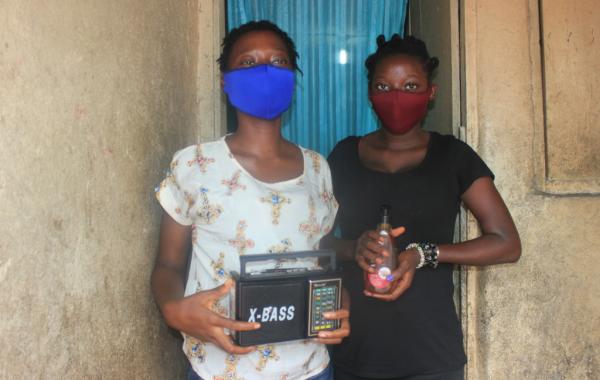 Lucy & Elizabeth with masks and a radio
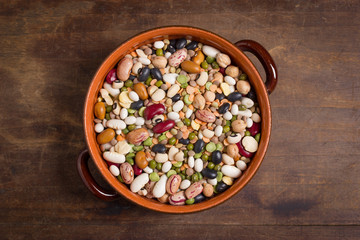 Mix of colorful beans and lentils in rustic bowl on wooden background. Top view.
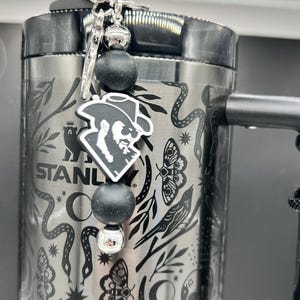 May include: A stainless steel Stanley tumbler with a black handle and a decorative charm. The charm features a black and white graphic of a man in a cowboy hat, black beads, and a silver-colored key. The tumbler is adorned with a nature-themed pattern.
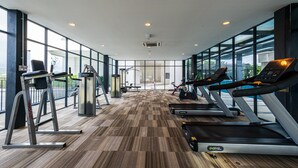 Une salle de sport équipée de tapis de course, de vélos d’appartement et d’appareils de musculation.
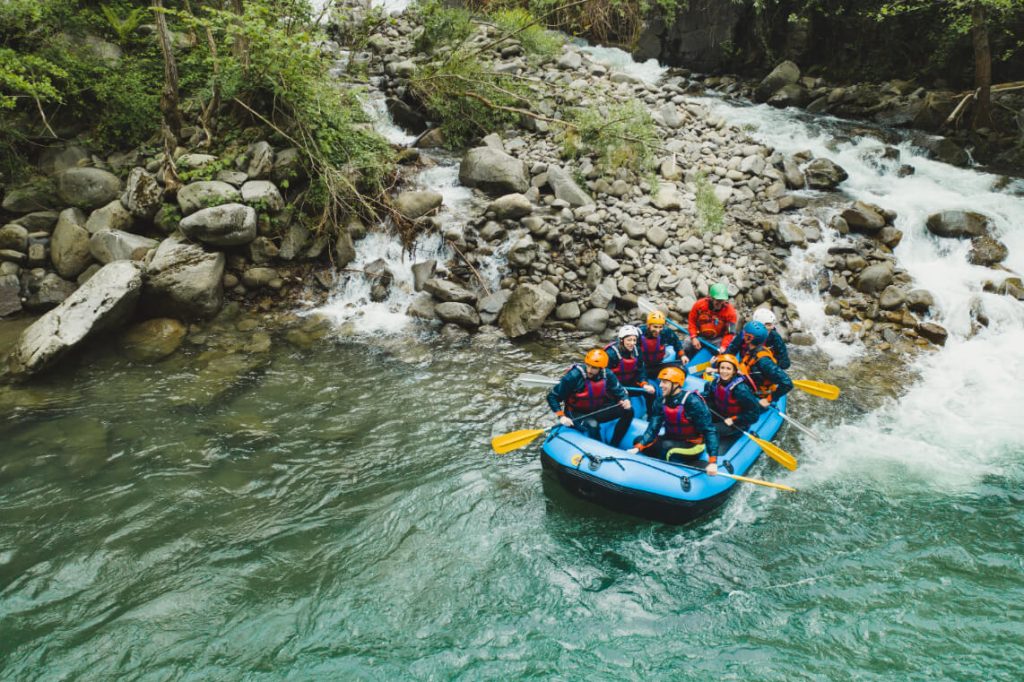 group-of-people-rafting-in-rubber-dinghy-on-a-river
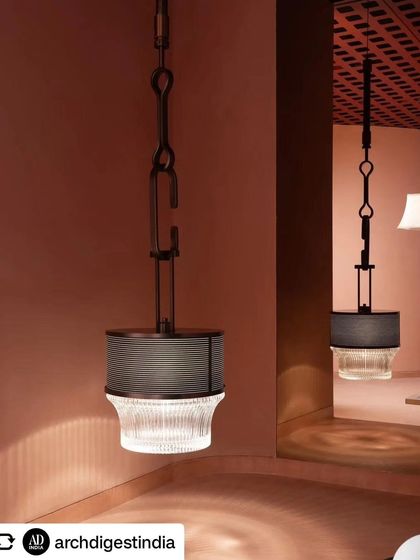 This industrial pendant light is showcased in a corner, allowing its unique form and the quality of its light to be the main focus. The reflection in the background hints at the depth of the space.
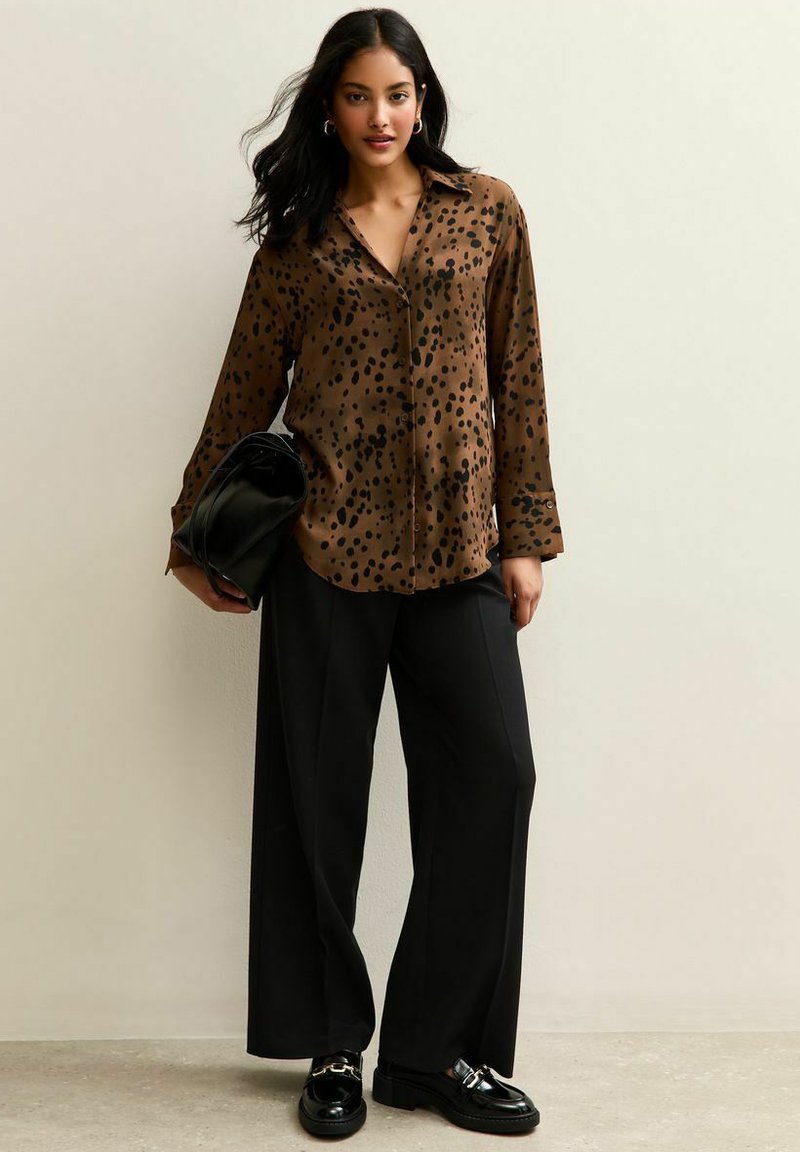 Camisa marrón de manga larga con botones y manchas de leopardo negras, combinada con pantalones de pierna ancha negros y mocasines negros brillantes. Bolso de mano negro.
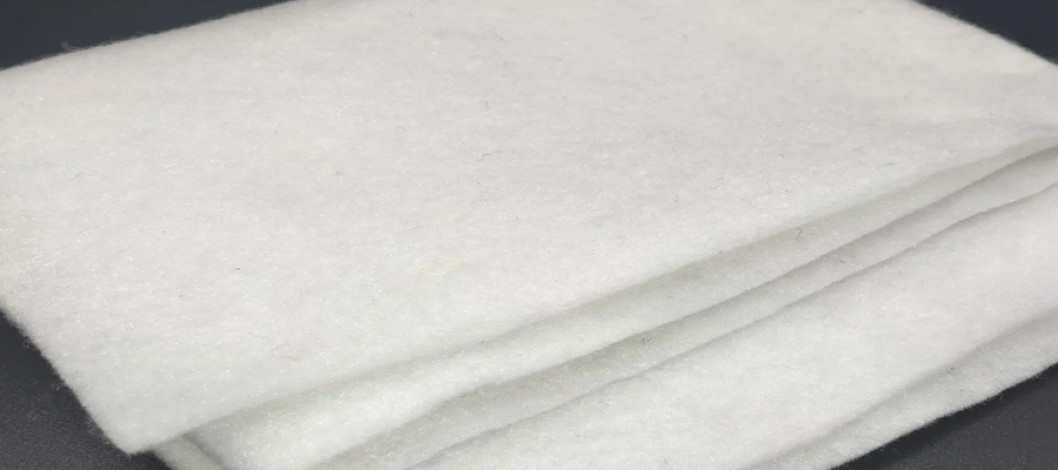 Processing technology and application of calcium carbonate in needle-punched non-woven fabrics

---------------

● **What you should do**:
Locate the line containing "Mix of colorful" in the records above, then output it and every line after it through the last, excluding pictures.

● **Exercise answer**:
 Mix of colorful beans and lentils in rustic bowl on wooden background. Top view.
 May include: A stainless steel Stanley tumbler with a black handle and a decorative charm. The charm features a black and white graphic of a man in a cowboy hat, black beads, and a silver-colored key. The tumbler is adorned with a nature-themed pattern.
 Une salle de sport équipée de tapis de course, de vélos d’appartement et d’appareils de musculation.
 group-of-people-rafting-in-rubber-dinghy-on-a-river
 This industrial pendant light is showcased in a corner, allowing its unique form and the quality of its light to be the main focus. The reflection in the background hints at the depth of the space.
 Camisa marrón de manga larga con botones y manchas de leopardo negras, combinada con pantalones de pierna ancha negros y mocasines negros brillantes. Bolso de mano negro.
 Processing technology and application of calcium carbonate in needle-punched non-woven fabrics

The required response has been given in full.